Alberta working on ’60s Scoop apology

The Canadian Press

EDMONTON–Alberta is crafting a formal apology to indigenous people for the infamous ’60s Scoop.
Children’s Services minister Danielle Larivee says the government will hold six sessions around the province starting later this month to hear from survivors.
Larivee said the information will form the foundation of a formal government apology, and guide future actions on reconciliation and healing.
Starting in the 1960s, an estimated 20,000 indigenous children were taken by child-welfare agents and put into the care of non-indigenous families in Canada and the United States.
They were taken on the premise that they would receive better care but instead were stripped of their language, culture, and traditions.
Many survivors also have said they were abused by their adoptive families.
In 2015, Manitoba became the first province to formally apologize for the trauma suffered by children removed from their homes.
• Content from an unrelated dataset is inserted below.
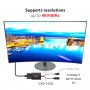 CLUB3D cac-1010 Displayport/usb DVI-I Daul link Nero, Bianco (CAC-1010)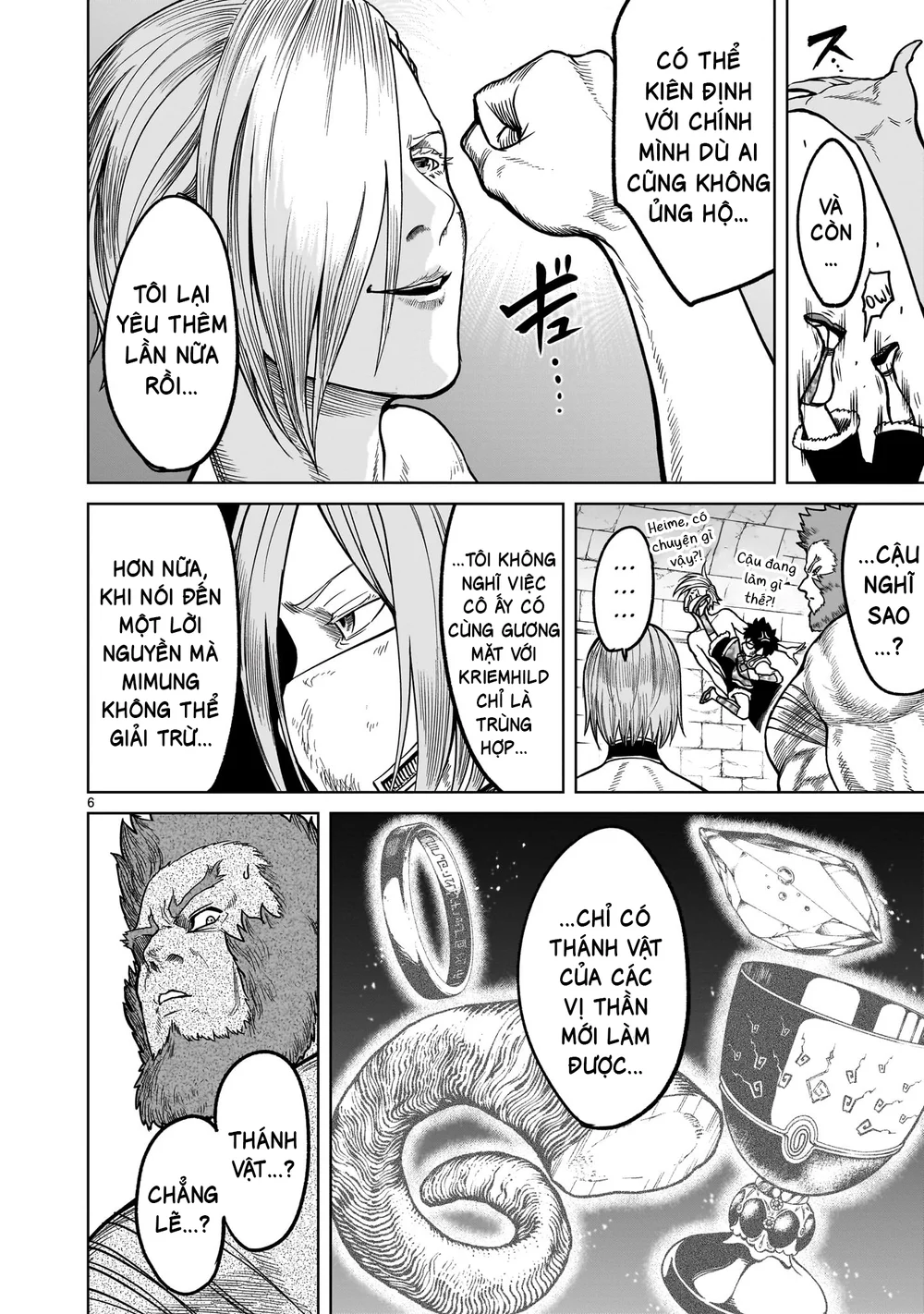 Đọc truyện Ký Sự Rosengarten - Chapter 35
Saskatchewan Premier Brad Wall has said he is ready to apologize at any time or place chosen by the Federation of Sovereign Indigenous Nations that represents First Nations in the province.
But he doesn’t agree with the federation’s request for provincial compensation.
The federal government already has pledged to pay up to $800 million to indigenous survivors across Canada.
Larivee said the meetings are critical.
“Healing can only begin when we truly understand this heart-breaking historical injustice,” she said yesterday in a news release.
“That’s why we need to listen to survivors and families about what a meaningful apology should look like.
“These sessions are an important opportunity to learn from survivors about how the ’60s Scoop has impacted indigenous communities and inform the actions we will take moving forward in the spirit of reconciliation,” she added.
Sessions are to begin Jan. 18 in Peace River and wrap up March 1 in Edmonton.